## Aim of the exercise:
Every line from the one holding "Carte D'accompagnement Vert" to the end of the entries should be repeated exactly, with the pictures left out.

[Saved entries]
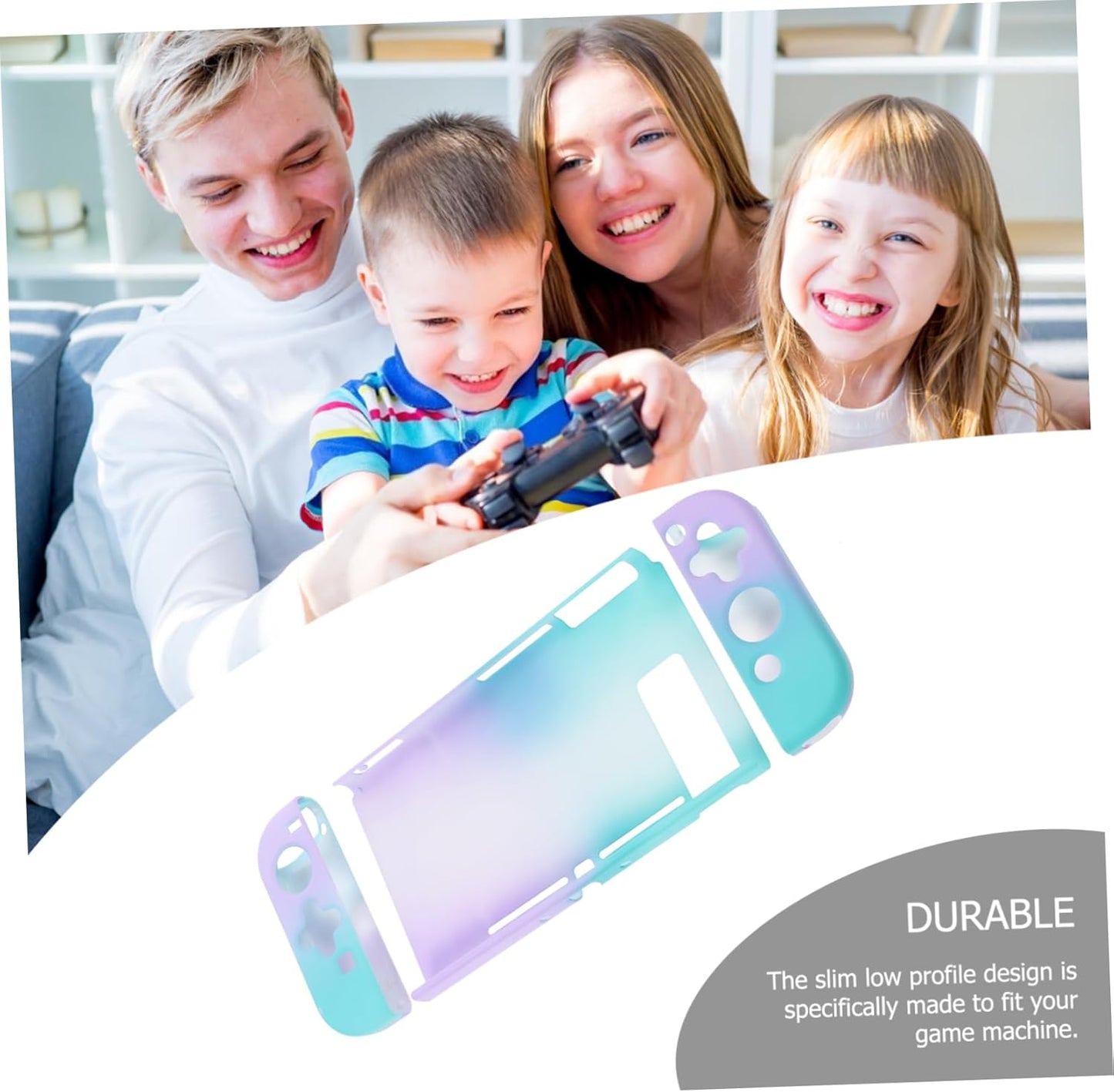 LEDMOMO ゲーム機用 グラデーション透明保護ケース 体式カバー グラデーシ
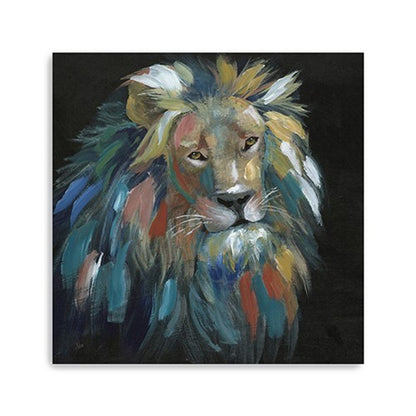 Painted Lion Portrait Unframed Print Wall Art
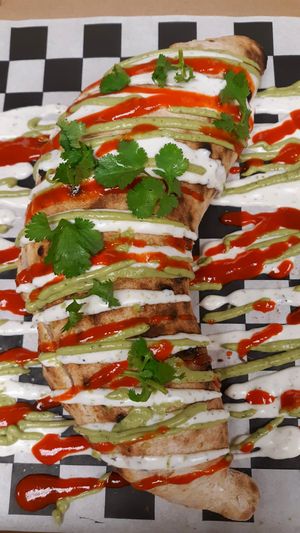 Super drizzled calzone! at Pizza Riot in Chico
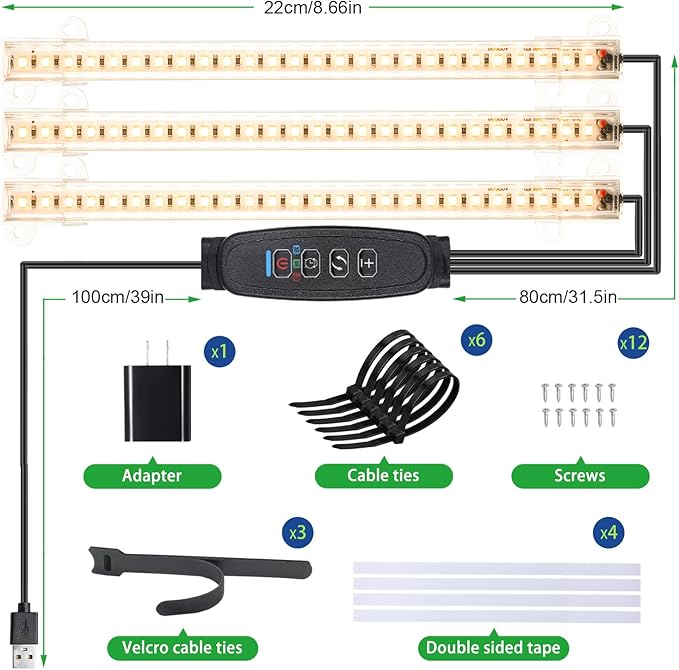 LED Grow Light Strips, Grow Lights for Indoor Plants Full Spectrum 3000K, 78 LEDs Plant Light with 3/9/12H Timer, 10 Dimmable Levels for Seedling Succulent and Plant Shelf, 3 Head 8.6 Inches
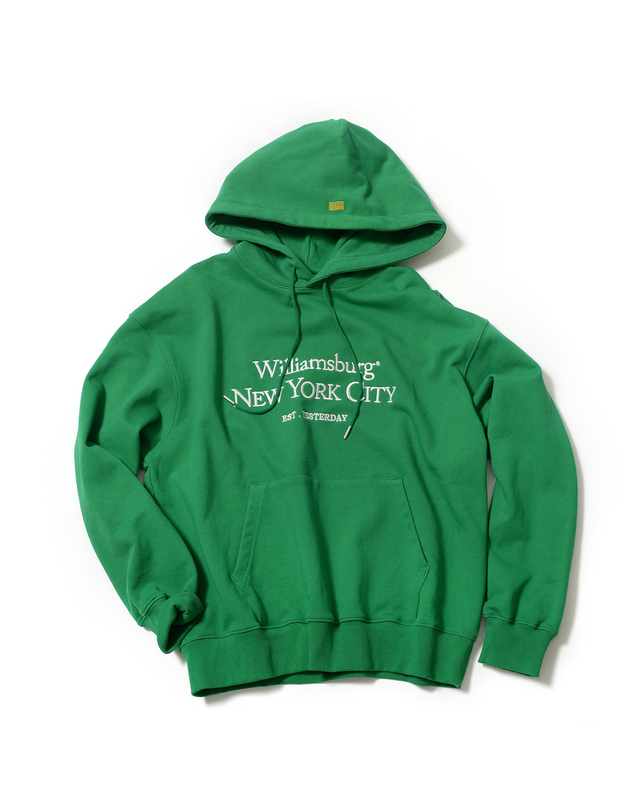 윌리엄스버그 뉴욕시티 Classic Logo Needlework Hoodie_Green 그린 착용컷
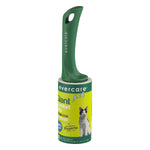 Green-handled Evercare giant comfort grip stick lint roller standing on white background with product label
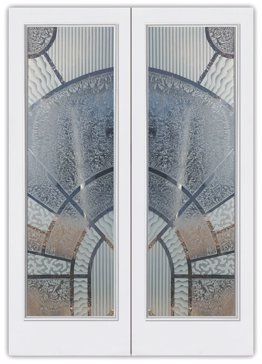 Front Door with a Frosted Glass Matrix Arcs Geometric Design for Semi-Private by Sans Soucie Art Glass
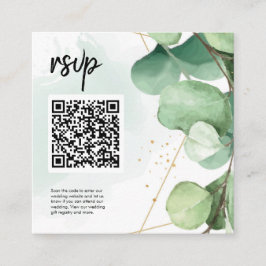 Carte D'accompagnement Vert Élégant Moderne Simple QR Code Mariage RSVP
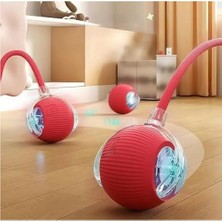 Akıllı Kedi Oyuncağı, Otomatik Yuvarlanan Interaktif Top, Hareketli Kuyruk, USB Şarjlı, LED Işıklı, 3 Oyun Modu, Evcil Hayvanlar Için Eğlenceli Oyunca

## Finished task:
 Carte D'accompagnement Vert Élégant Moderne Simple QR Code Mariage RSVP
 Akıllı Kedi Oyuncağı, Otomatik Yuvarlanan Interaktif Top, Hareketli Kuyruk, USB Şarjlı, LED Işıklı, 3 Oyun Modu, Evcil Hayvanlar Için Eğlenceli Oyunca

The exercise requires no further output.